Saat ini ada upaya sistematis untuk mengkriminalisasi simbol-simbol syariah Islam. Salah satunya adalah panji atau bendera tauhid Rasulullah saw., yakni al-Liwa’ dan ar-Rayah. Masyarakat saat ini digiring dengan opini buruk bahwa panji/bendera Rasul yang bertuliskan kalimat tauhid Lâ ilâha illalLâh Muhammad rasûlulLâh seolah-olah adalah bendera milik kriminalis dan teroris. Masyarakat dipaksa untuk menerima opini bahwa panji/bendera tersebut adalah inspirator kekerasan, pemecah-belah bangsa, tidak sesuai dengan kebhinekaan dan menakutkan.
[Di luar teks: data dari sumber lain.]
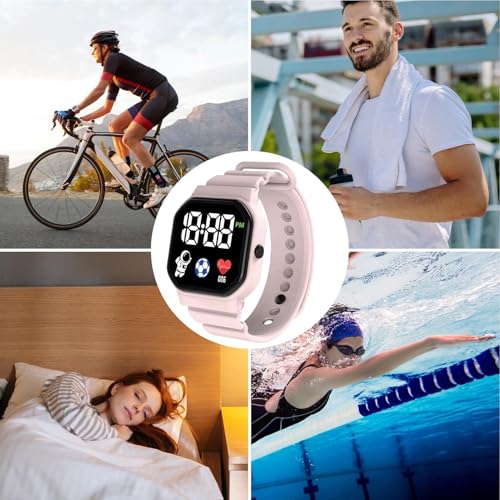 Reloj Deportivo: Reloj Digital, Rastreador De Actividad Física Resistente Al Agua, De Pulsera Deportivo Cómodo | Relojes Deportivos Cómodos Digitales Para Niños, Relojes LED Impermeables, Silico - imagen 4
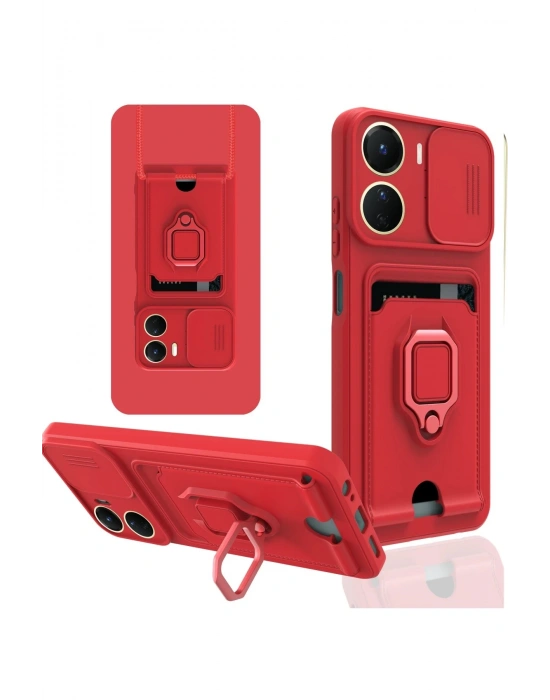 Newface Vivo Y16 Kılıf Zuma Kartvizitli Yüzüklü Silikon - Kırmızı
Peristiwa terbaru adalah tatkala penyambutan Raja Salman yang datang ke Bogor beberapa waktu lalu. Panji/bendera Rasul berwarna hitam bertuliskan kalimat tauhid dirampas dan dipaksa digulung oleh polisi.
Jauh sebelumnya, ada seseorang, ketika membawa panji/bendera Rasul berwarna hitam bertuliskan kalimat tauhid di perjalan sepanjang jalan Jawa Barat dan Banten, tiba-tiba dihentikan tengah jalan oleh petugas (polisi dan TNI). Petugas menginterograsi pembawanya bak tersangka. Intrograsi yang ada lebih nampak seperti sikap curiga dan menuduh. Ia pun ditangkap aparat.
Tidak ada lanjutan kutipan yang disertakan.